Cuando Pedro Iriarte entró en el aula, se materializó ante mí esa imagen borrosa y grisácea que había visto en algunas revistas y periódicos. Mi amigo Andrés Blanch extendió las manos hacia él, como si fuera un presentador de circo, y me anunció con entonación solemne: “Te lo dije, he aquí la prueba irrevocable”. La semejanza me impresionó, pero el célebre Iriarte fue inmune a mi presencia, sólo después de que transcurrieran unos habituales minutos y, al estar repasando la lista de alumnos, sus ojos se tropezaran con mi singular apellido. “Póngase de pie, Alberto Teriari”—exclamó con voz de timbal. Luego se le entrecerraron los ojos en un esfuerzo por graduar sus pupilas y, al no distinguirme, se puso las gafas y me enfocó. Al ver mi barba rala y mi prematura calvicie, entreabrió la boca como si imitara una sonrisa. A mis compañeros se les desparramaron los murmullos como baba, pero el bisbiseo se apaciguó como un enjambre aplastado por una orden real y académica. El catedrático llenó el aula de silencio con su mano dictatorial, mostró su palma amarillenta tatuada con arrugas de experiencia.

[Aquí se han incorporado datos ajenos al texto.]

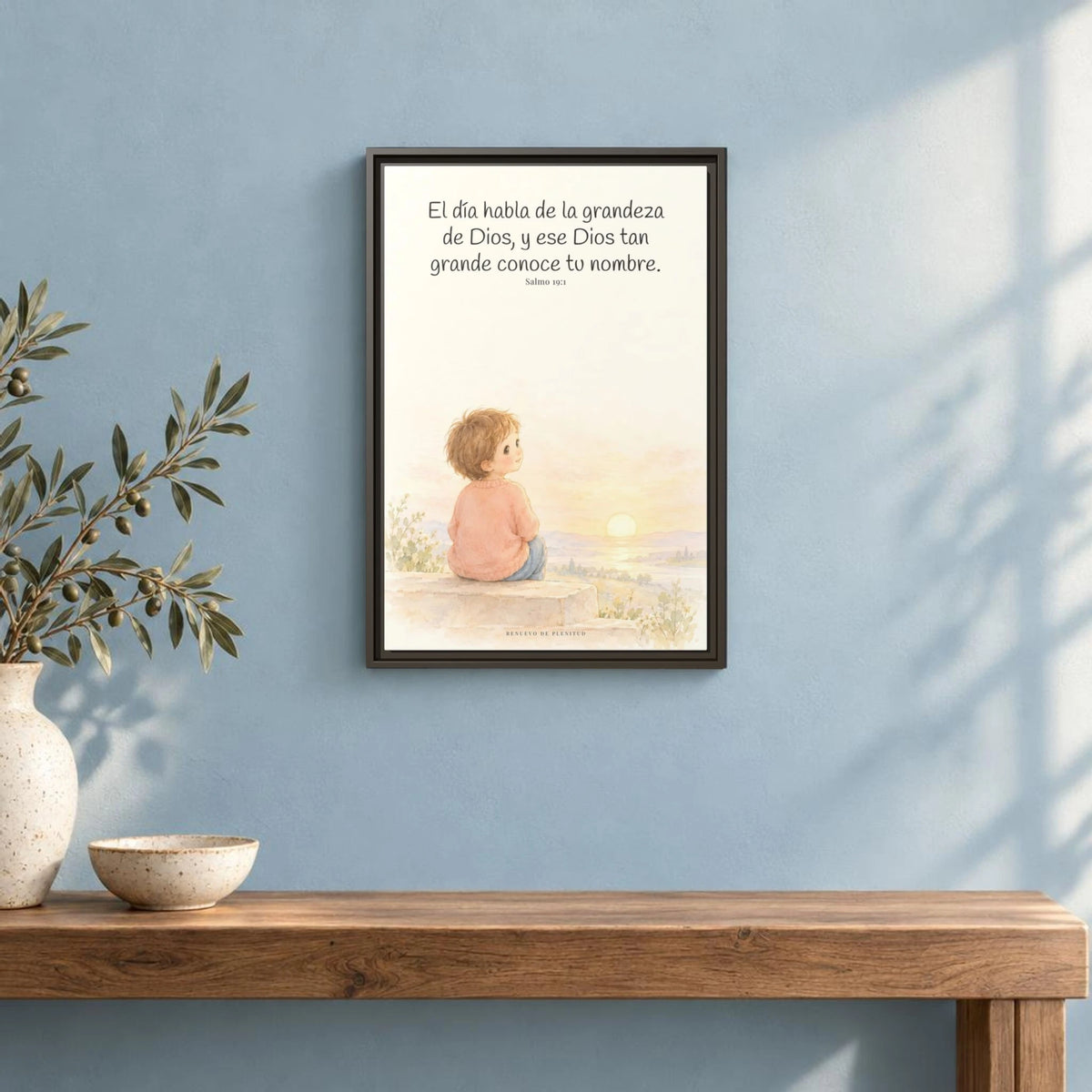 El día habla de la grandeza de Dios | Lienzo cristiano decorativo | Salmo 19:1 — 16×24 pulgadas, marco espresso, vista frontal ambiental, escala física calibrada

El tema de ese día era sobre la estructura de los cuentos elaborada por Vladimir Propp. Iriarte enumeró las treinta y una funciones narrativas del libro de morfología del cuento ruso como si estuviera anunciando el número ganador de la lotería. Entre cada una de ellas se dio tiempo para presumir del dominio de la lengua eslava y su conocimiento de los múltiplos del cinco, además explicó lo que era la desgastada bruja con cuerpo de escoba y pata de hueso, o sea la Baba Yaga y, también, el señor del hielo con bata azul de terciopelo y barba a la Santa Claus, el señor Morozko. Como yo había sorbido en unas veinte tazas de café el libro del interesante crítico ruso, decidí resolver la pregunta que me estaba atosigando. La curiosidad era una desagradable cosquilla, parecía una mujer insatisfecha en la cama que me exigía interrogar al famoso profesor en el momento más apático e inadecuado. ¿Sería un condescendiente asesino intelectual de Dostoievski, el gran disertador Iriarte? ¿Era suficiente—en mi caso—tener un parecido físico con alguien para compartir sus gustos e ideas? Esas dos cuestiones me estaban poniendo las piernas rechonchas de impaciencia. No encontraba el momento adecuado para hablar del gran epiléptico ruso, mi gesticulación, tras de los barrotes ensordecedores de silencio, era invisible para Iriarte quien tenía pegados los ojos en sus apuntes.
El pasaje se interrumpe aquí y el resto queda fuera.